El chaval era el hijo de la lavandera; pasaba por allí y se quitó respetuosamente la gorra, cuya visera estaba doblada de modo que pudiese guardarse en el bolsillo. El niño, pobremente vestido pero con prendas limpias y cuidadosamente remendadas, se detuvo reverente, cual si se encontrase ante el Rey en persona.
- Eres un buen muchacho - dijo el alcalde -, y muy bien educado. Tu madre debe de estar lavando ropa en el río. Y tú irás a llevarle eso que traes en el bolsillo, ¿no? Mal asunto, ese de tu madre. ¿Cuánto le llevas?
- Medio cuartillo - contestó el niño a media voz, en tono asustado.
- ¿Y esta mañana se bebió otro tanto? - prosiguió el hombre.
- No, fue ayer - corrigió el pequeño.
- Dos cuartos hacen un medio.
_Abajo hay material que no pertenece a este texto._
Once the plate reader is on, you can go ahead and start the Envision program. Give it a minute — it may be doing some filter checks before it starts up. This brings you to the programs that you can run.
No vale para nada. Es triste la condición de esa gente. Dile a tu madre que debiera avergonzarse. Y tú procura no ser un borracho, aunque mucho me temo que también lo serás. ¡Pobre chiquillo! Anda, vete.
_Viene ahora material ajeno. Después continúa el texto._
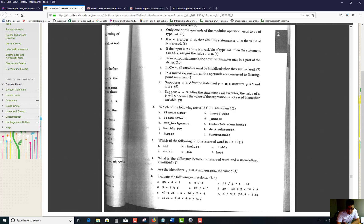How about 'inches in one centimeter'? This is valid — it's long, but it's valid. 'Monthly space pay' — the space makes it invalid. 'Jack's apostrophe s' — can't use special characters, invalid. 'First hashtag' — can't use special characters, invalid. 'Bonus amount dollar sign' — invalid. So the only valid ones are B, D, E, and F.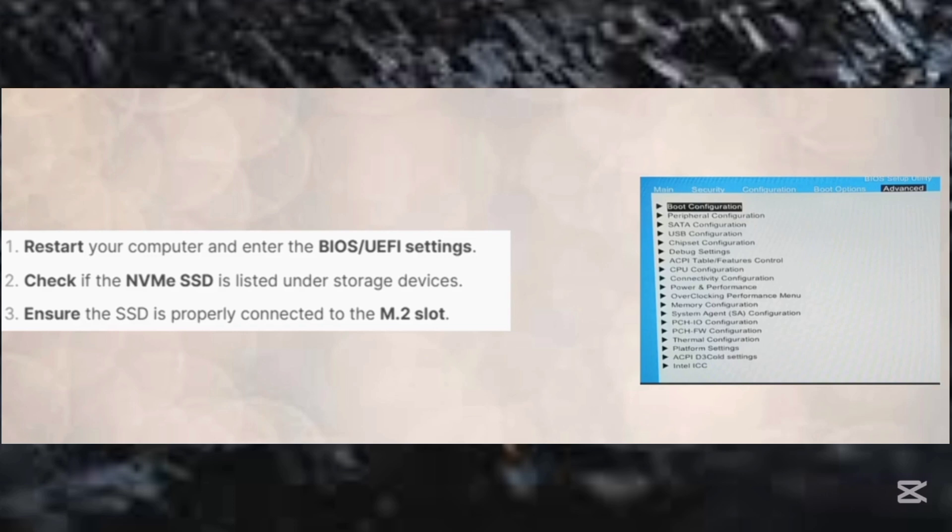Step number one, you'll have to restart your PC. So after restarting your PC, you enter the BIOS or UEFI settings.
El niño siguió su camino, guardando la gorra en la mano, por lo que el viento le agitaba el rubio cabello y se lo levantaba en largos mechones. Torció al llegar al extremo de la calle, y por un callejón bajó al río, donde su madre, de pies en el agua junto a la banqueta, golpeaba la pesada ropa con la pala. El agua bajaba en impetuosa corriente - pues habían abierto las esclusas del molino, - arrastrando las sábanas con tanta fuerza, que amenazaba llevarse banqueta y todo. A duras penas podía contenerla la mujer.
- ¡Por poco se me lleva a mí y todo! - dijo -. Gracias a que has venido, pues necesito reforzarme un poquitín. El agua está fría, y llevo ya seis horas aquí. ¿Me traes algo?
El muchacho sacó la botella, y su madre, aplicándosela a la boca, bebió un trago.
- ¡Ah, qué bien sienta! ¡Qué calorcito da! Es lo mismo que tomar un plato de comida caliente, y sale más barato. ¡Bebe, pequeño! Estás pálido, debes de tener frío con estas ropas tan delgadas; estamos ya en otoño. ¡Uf, qué fría está el agua! ¡Con tal que no caiga yo enferma! Pero no será. Dame otro trago, y bebe tú también, pero un sorbito solamente; no debes acostumbrarte, pobre hijito mío.
Y subió a la pasarela sobre la que estaba el pequeño y pasó a la orilla; el agua le manaba de la estera de junco que, para protegerse, llevaba atada alrededor del cuerpo, y le goteaba también de la falda.
- Trabajo tanto, que la sangre casi me sale por las uñas; pero no importa, con tal que pueda criarte bien y hacer de ti un hombre honrado, hijo mío.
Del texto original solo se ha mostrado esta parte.